You make a valid point.  But it is also true that we are NOT there yet.
  And, until we are, we should keep manual override as an option.

And, yes it is better to use names for the scripts like Mozilla does. 
There is no reason that the user needs to worry about the encodings 
unless they need to use something which is non-standard (not ISO).
 >
 > Most non geek users have no idea about these things anyway. You can
 > see this looking the reports wondering why a filename shows up as
 > question marks when they typed in a thai name.
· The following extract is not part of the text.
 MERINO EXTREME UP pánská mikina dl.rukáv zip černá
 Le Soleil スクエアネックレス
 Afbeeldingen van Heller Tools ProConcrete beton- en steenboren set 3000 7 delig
The problem here is that the actual file name was all '?'s, not that it
was just displayed that way.

 > It's the problem that the file system uses locale encoding. But this
 > is a different problem and has to be solved on a filesystem and file
 > encoding level where the move should finally go to using utf8 for all
 > of this.

It appears that I am going to have to RTFM about UniCode and UTF8 so I 
will know exactly what is going on.  But, I can NOT see how it is 
possible to have more than one encoding with only 8 bits unless there is 
some markup.
 >
 > Back to the font problem: People _do_ however know about the
 > difference between Thai and Latin as scripts, and would like to be
 > able to select a set of default/fallback fonts for a certain script.
 >
 > This is a problem of Qt and it's known to us. We are currently trying
 > to find a fix for these issues. Unfortunately X11s broken font system
 > makes it not exactly easy to do so, especially on old commercial
 > Xservers.

I can't see that X11's font system is broken.  I thought that the XLFD 
was a good idea, that applications should use it rather than reinventing 
the wheel.  But perhaps you do not refer to the current version of XFree86.